» **Information supplied**:
_____

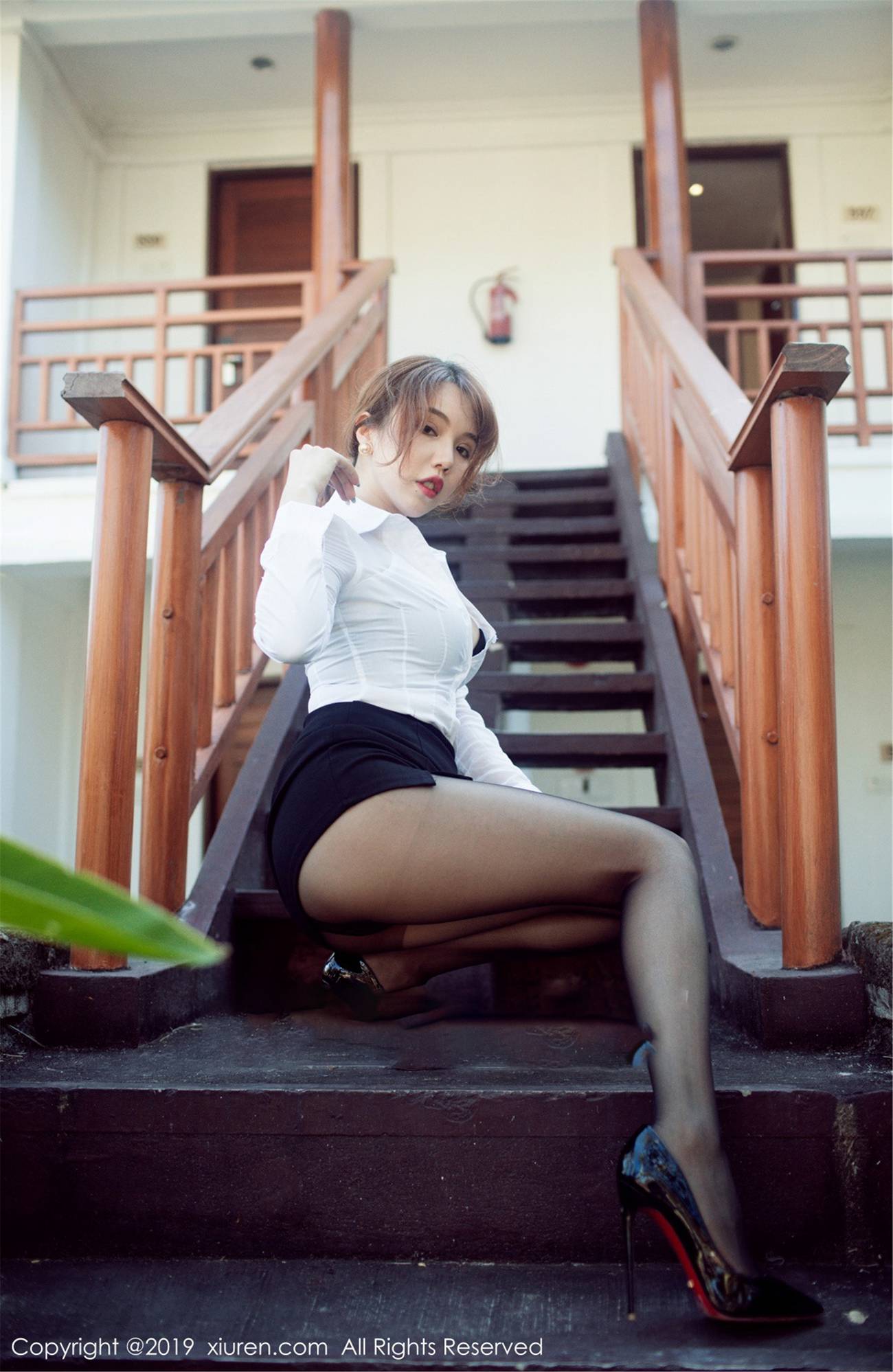 图片[42]-[Xiuren秀人网]XR20190809N01606 2019.08.09 NO.1606 黑丝灵动极致诱惑 黄楽然[56+1P] – 速更版-美库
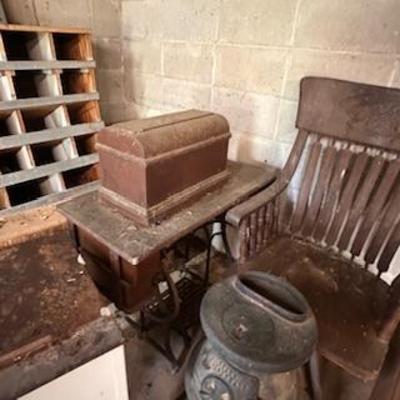Estate sale photo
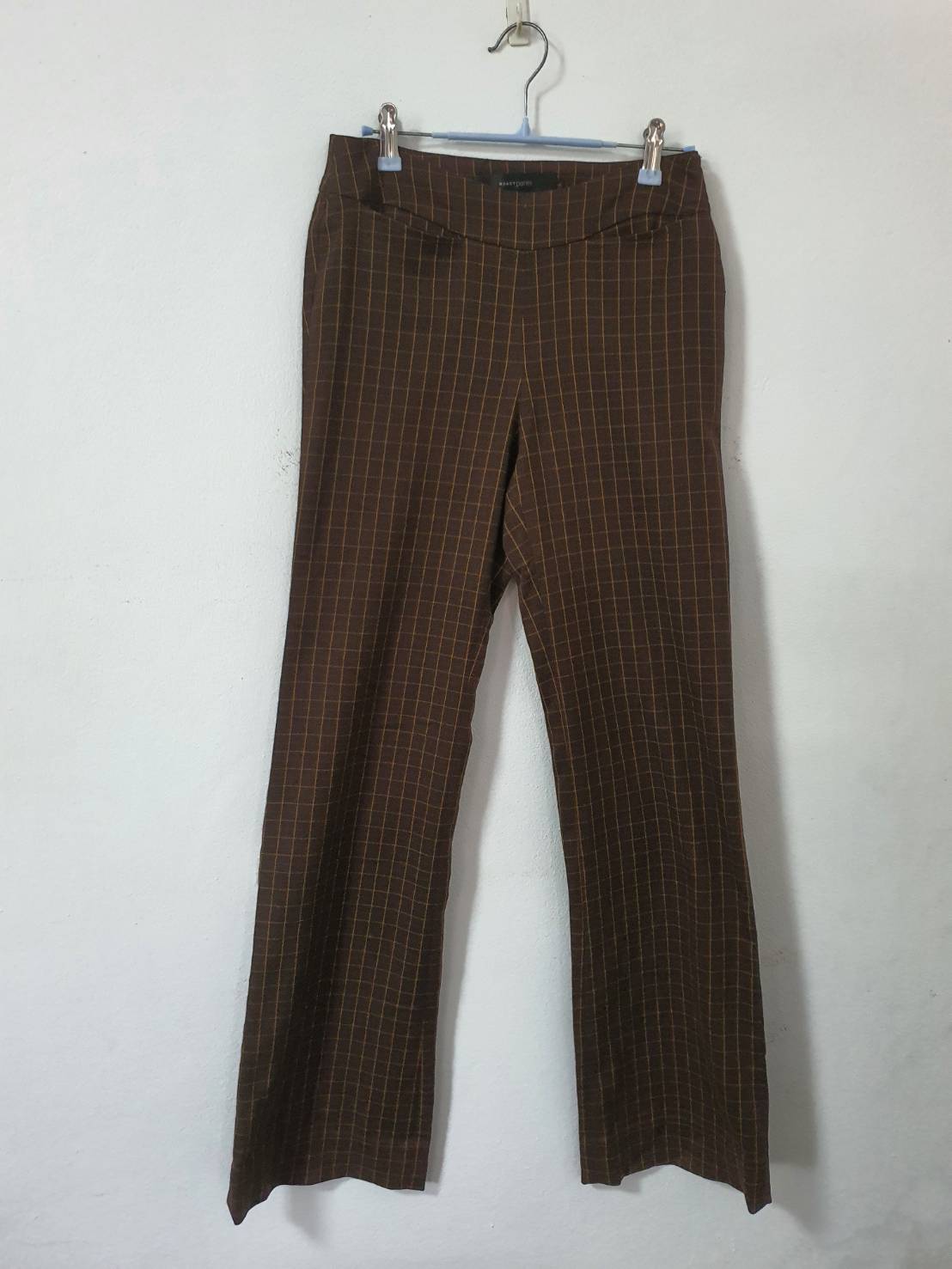 FF06512 กางเกงผ้า สีน้ำตาลลายสก็อต X=ACT เอว 27 นิ้ว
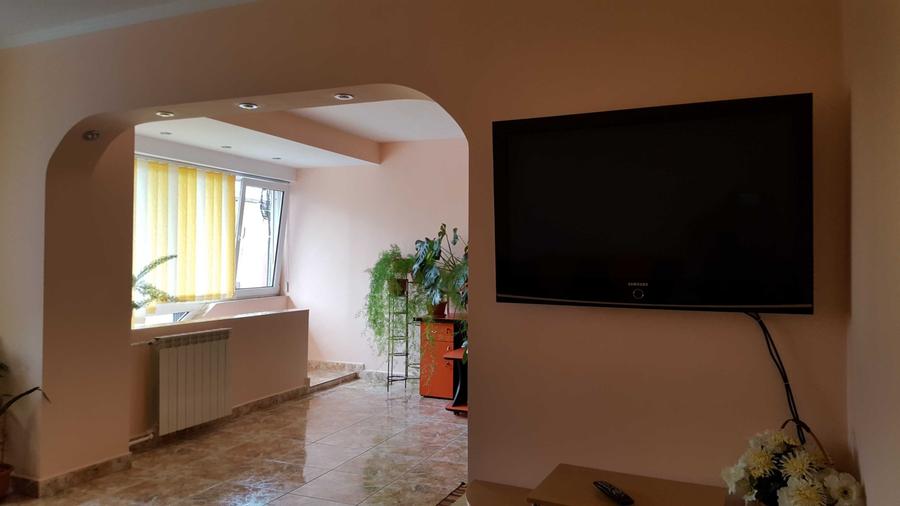 Casă cu 4 camere în Exterior Vest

_____

» **Instructions to follow**: Give back exactly the lines from the line with "Estate sale photo" through the end of the material above, inclusive, with no pictures.

» **Result for this exercise**:
Estate sale photo
 FF06512 กางเกงผ้า สีน้ำตาลลายสก็อต X=ACT เอว 27 นิ้ว
 Casă cu 4 camere în Exterior Vest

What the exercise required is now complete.